DATASET EXTRACT
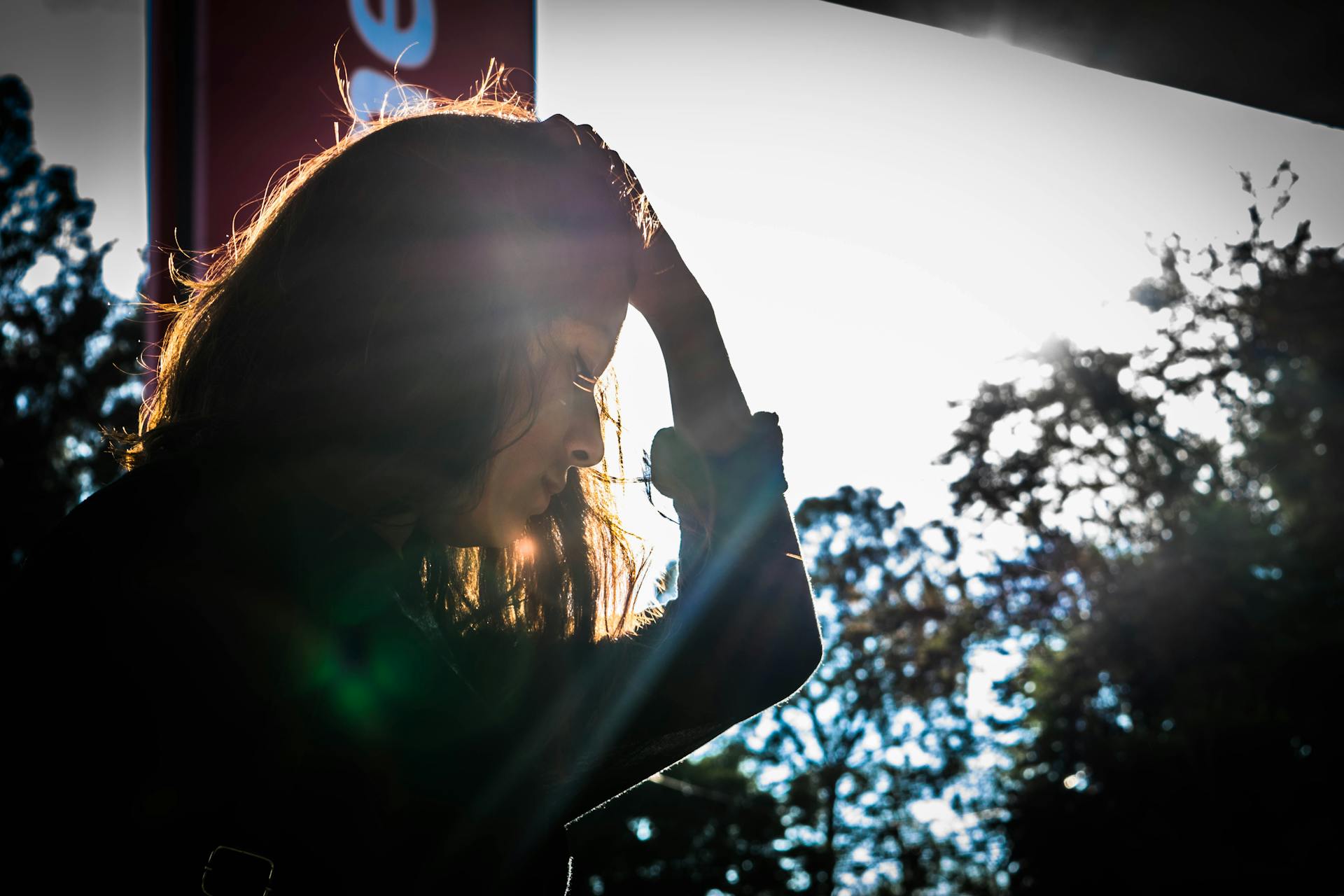 A woman standing with her hand in her hair | Source: Pexels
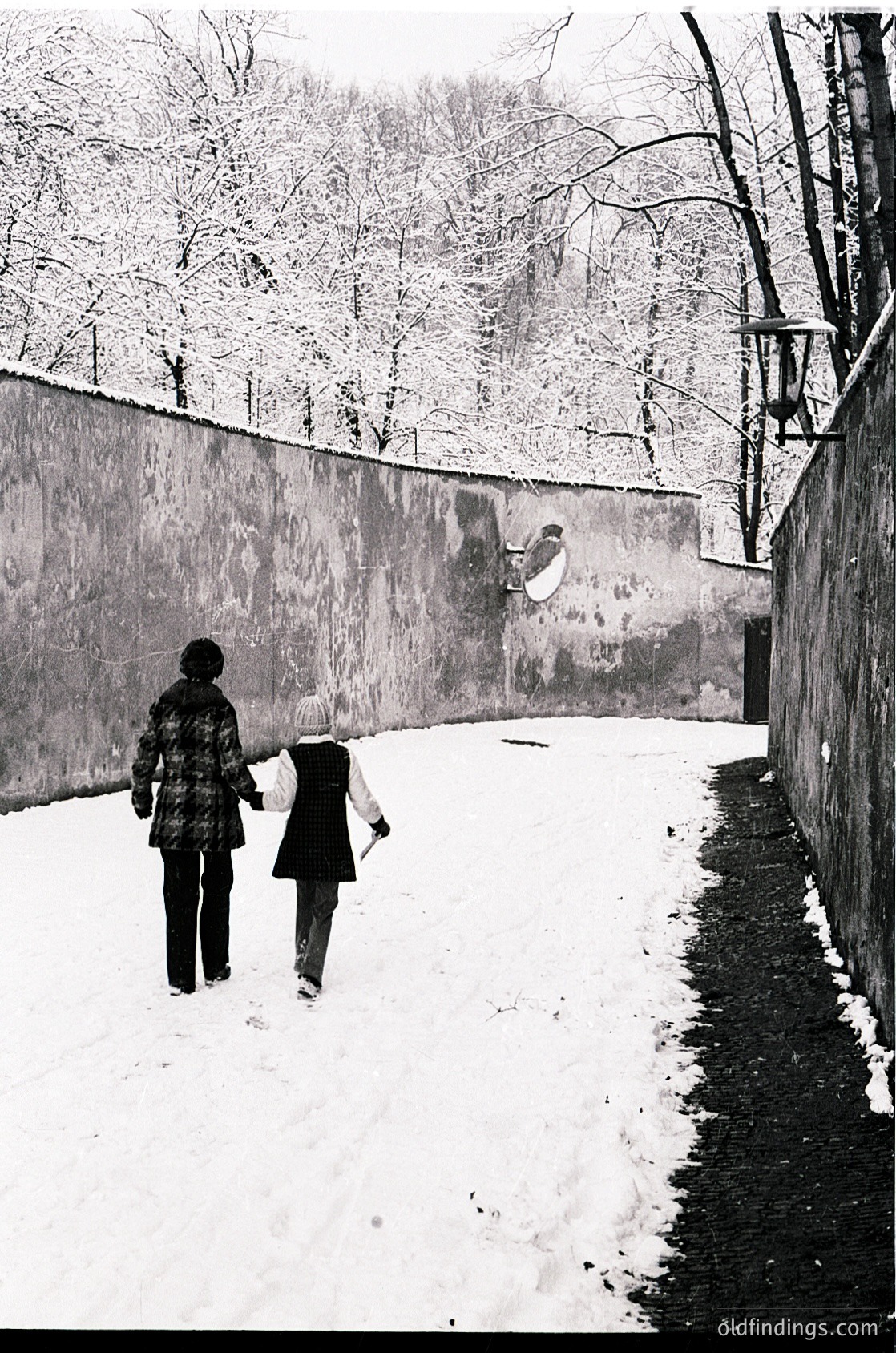 Two figures walk hand-in-hand along a snow-covered path beside a high concrete wall, framed by bare winter trees. The woman wears a patterned coat; the child, a light jacket. Graffiti of a bird appears on the wall. Likely urban winter scene, mid-20th century.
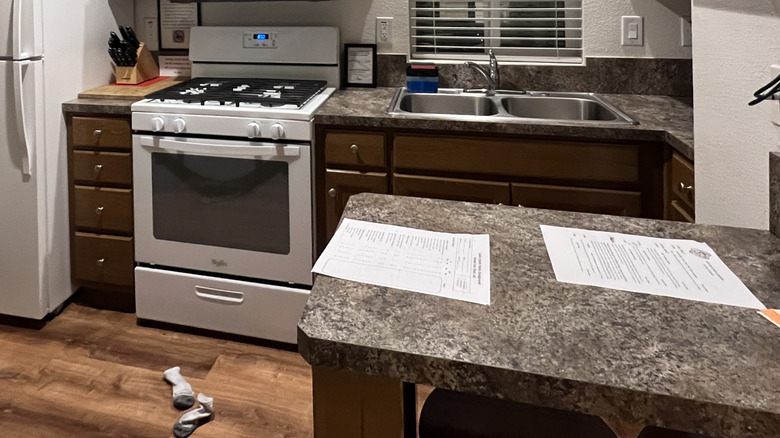 A narrow kitchen with white appliances and peninsula jutting out into room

ABOUT THIS TASK
Everything from the line with "Two figures walk" through the last line above must be repeated exactly, except the pictures.

FINISHED EXERCISE
 Two figures walk hand-in-hand along a snow-covered path beside a high concrete wall, framed by bare winter trees. The woman wears a patterned coat; the child, a light jacket. Graffiti of a bird appears on the wall. Likely urban winter scene, mid-20th century.
 A narrow kitchen with white appliances and peninsula jutting out into room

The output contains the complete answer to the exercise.